Forbes recently published an article providing some clarification on the first question. The article outlines how despite spending three billion Euros developing the product over seven years, it hasn’t gained much market traction – roughly 800 customers and 23 million Euros in annual revenue. The article also cites industry sources that claim that while the company is shifting R&D funds away from the product (never a good sign of long-term product viability), it is shifting more attention to its HANA platform across the board. So, while it’s clear that the product’s R&D budget is being cut, it’s not 100% clear why.
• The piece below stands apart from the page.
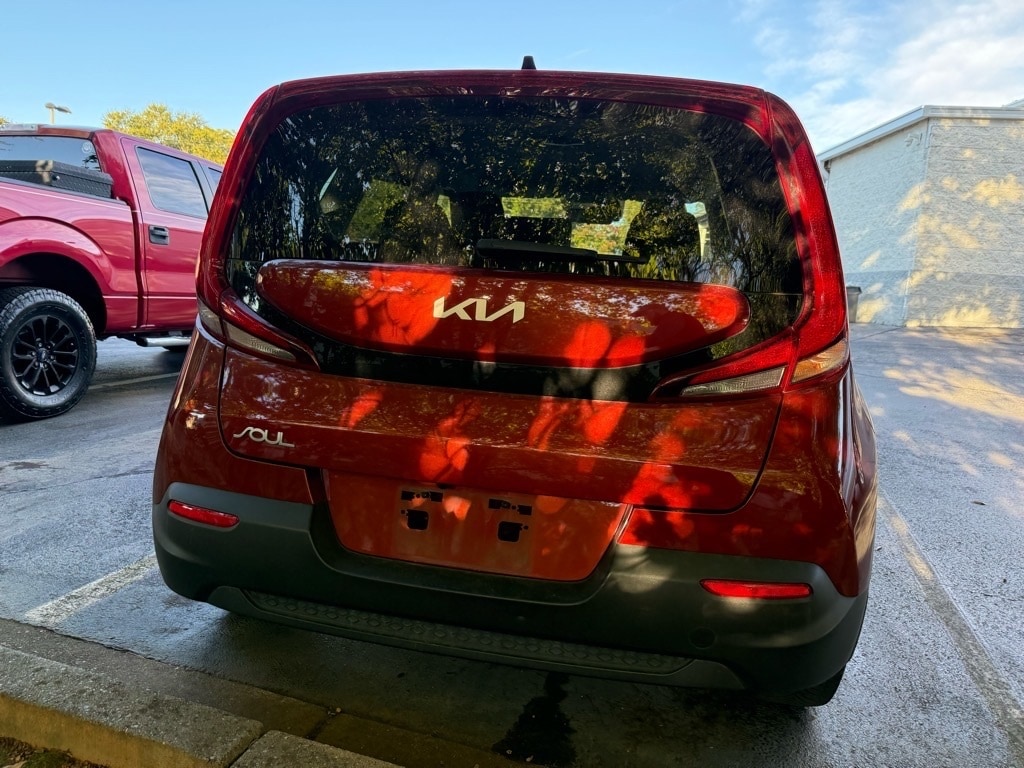 Used 2022 Kia Soul LX Hatchback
All we know is that there are significant concerns about the market’s acceptance of this product, especially when compared to other SaaS and mid-market-focused ERP systems.
This leads us to the second question: how does SAP Business ByDesign compare to other ERP vendors? Our 2014 Clash of the Titans report outlines some of the strengths and weaknesses of SAP, Oracle and Microsoft Dynamics at a macro level. In addition, our own experience helping clients select and implement these leading ERP systems confirms that the market has unique perceptions and biases about each product. For example, mid-sized organization tend to fear SAP more when compared to other ERP vendors, which is partially due to the high number of high-profile ERP failures they seem to experience (to be fair, SAP also has the largest market share, which naturally means more opportunities for failure – learn more in our upcoming Confessions of an SAP Expert Witness webinar).
The direction of SAP Business ByDesign and the perceptions of how it compares to other ERP vendors in the market lead to three even more important questions in the ERP industry:
- 1. Where does the cloud and SaaS ERP fit in the middle market? The failure of Business ByDesign to gain any significant traction in the market may lead some to blame soft demand for SaaS solutions. However, as outlined in our 2013 ERP report, the market share of SaaS and cloud ERP systems has increased exponentially over the last three years. For every Business ByDesign failure, there are SaaS success stories in ERP vendors such as NetSuite, Salesforce, Workday, Plex Systems and Kinaxis. The only difference is that the middle market has a different appetite for cost and risk.
- 2. How viable is the two-tier ERP systems approach? Two-tier ERP strategies – a sort of best-of-breed approach where companies may use separate systems for different purposes in their organization – are gaining traction. Not every organization is cut out for a single, consolidated ERP system so fortunately there are other viable options in the market. For example, some organizations may find that having one system for operations and another for financials may make more sense. As outlined in the Forbes article, Oracle has done a particularly good job of positioning a two-tier approach with its products, such as with JD Edwards, eBusiness Suite and Hyperion.
- 3. How important is an ERP vendor ecosystem? The Forbes article also underscores the challenges that SAP has had building an open ecosystem of third-party consultants and products, which is hurting the vendor’s results in the middle market. Mid-market companies have a lower tolerance for risk so they are less likely to paint themselves into a corner via a proprietary or closed ecosystem. Just as Apple’s iPad and iPhone sales grew exponentially when they opened up application development for the platform, vendors such as Microsoft Dynamics have seen success with similar strategies. Similarly, we at Panorama Consulting have fueled our growth by building an ecosystem of independent ERP consultants and other related services for our clients.
The good news about the rise and fall of Business ByDesign is that it shines a light on some of the trends and realities of the ERP software industry – particularly in the middle market. SAP may have stumbled in this market but perhaps they will regain their footing with the HANA platform. In the meantime, there are many ERP vendors that are cracking the code on how to successfully cater to the middle market, all while providing alternatives and options for ERP buyers along the way.